Records from a data collection

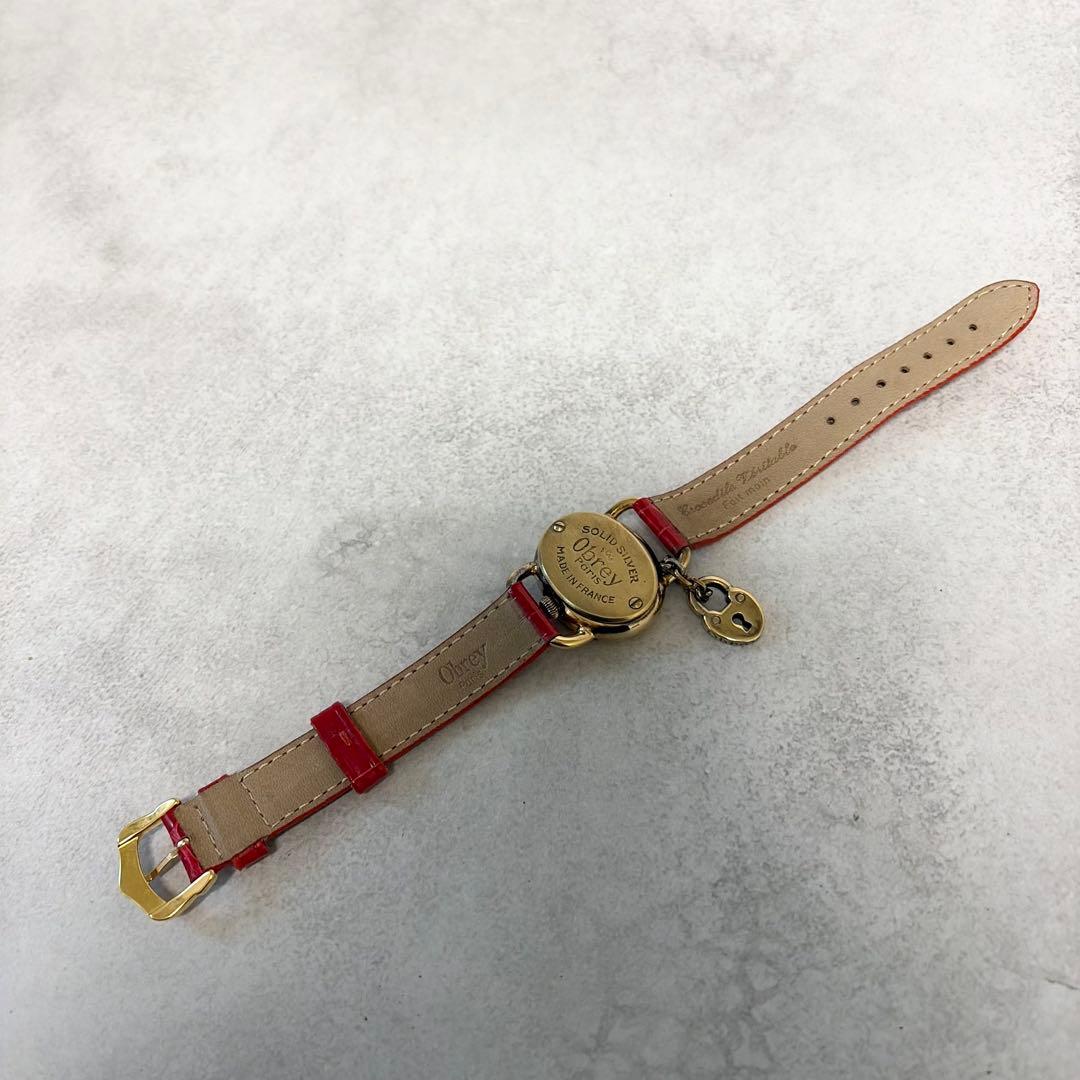 【美品✨新品電池】Obrey 腕時計　銀無垢　純正クロコダイルベルト 替ベルト付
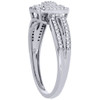 Diamond Cluster Engagement Wedding Ring 10K White Gold Pave Square Head 0.20 Ct.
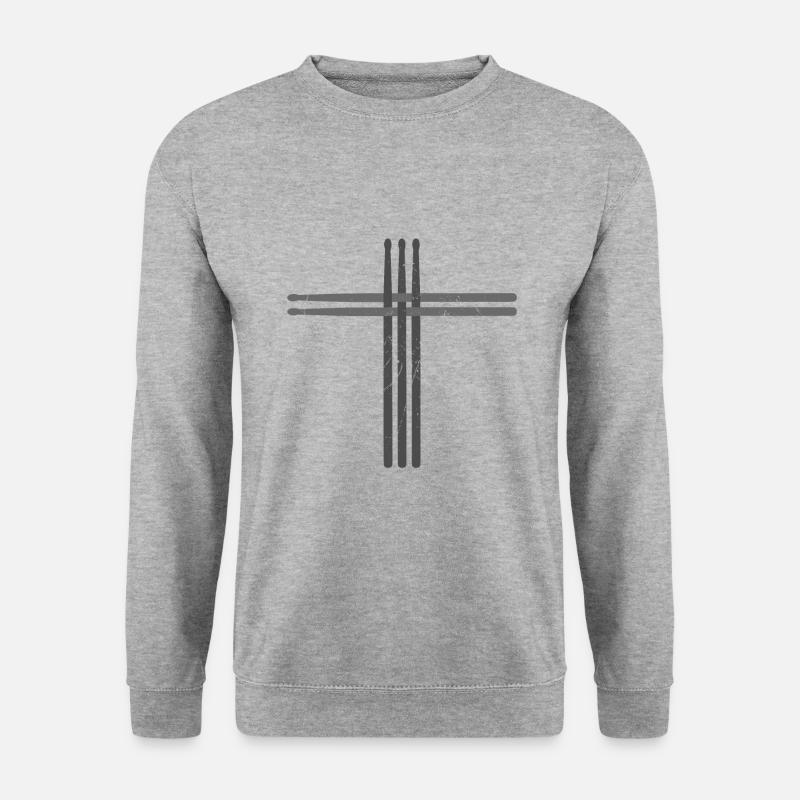 Drummer - Unisex Pullover - Weißgrau meliert
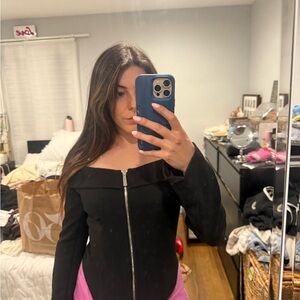 Zara Black Off-Shoulder Blouse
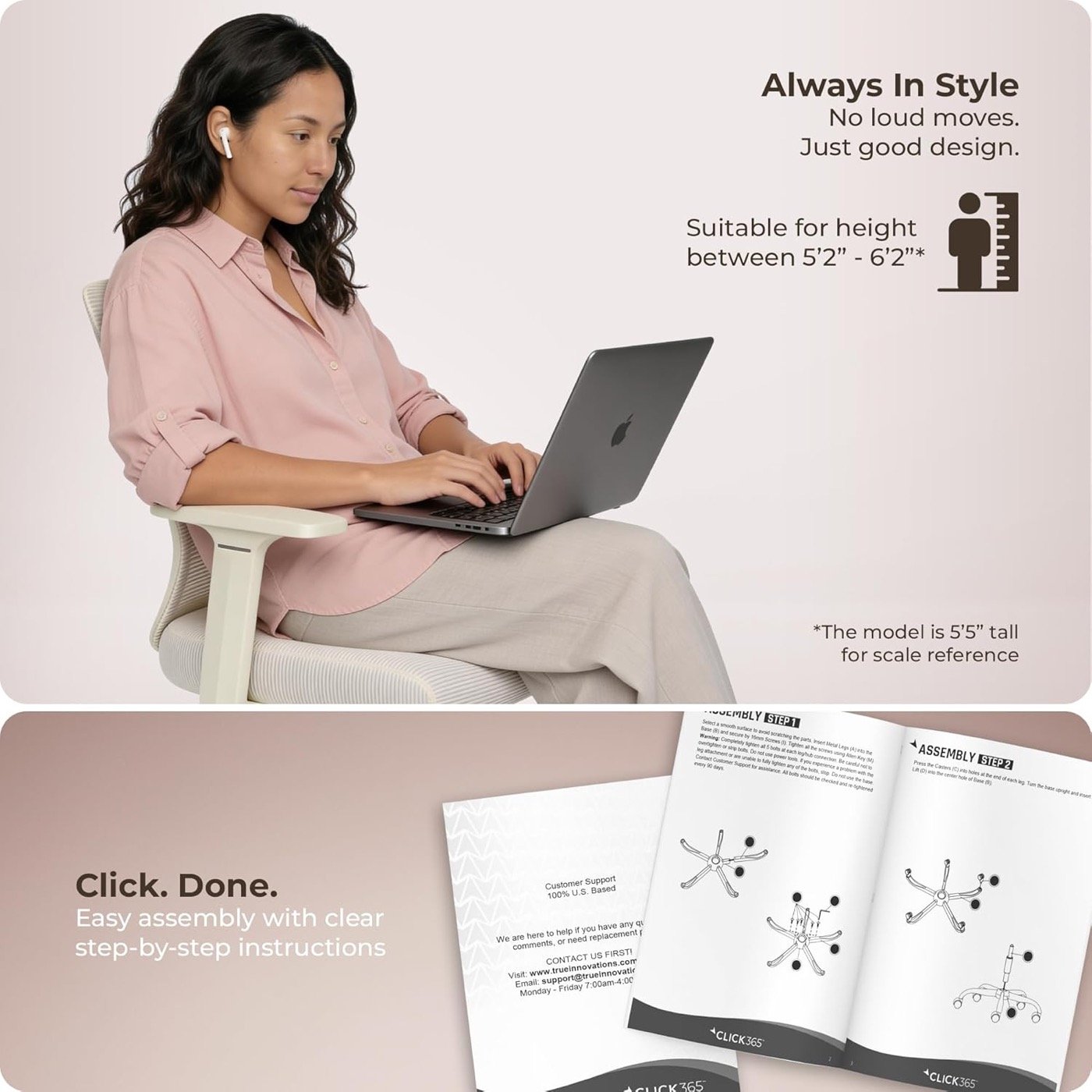 Click365 feature panel — seat structure and posture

### Instructions for the task
Output exactly the lines from the one containing "Zara Black Off-Shoulder Blouse" through the last line of the records above, both included, and leave out the pictures.

### Result of the task
 Zara Black Off-Shoulder Blouse
 Click365 feature panel — seat structure and posture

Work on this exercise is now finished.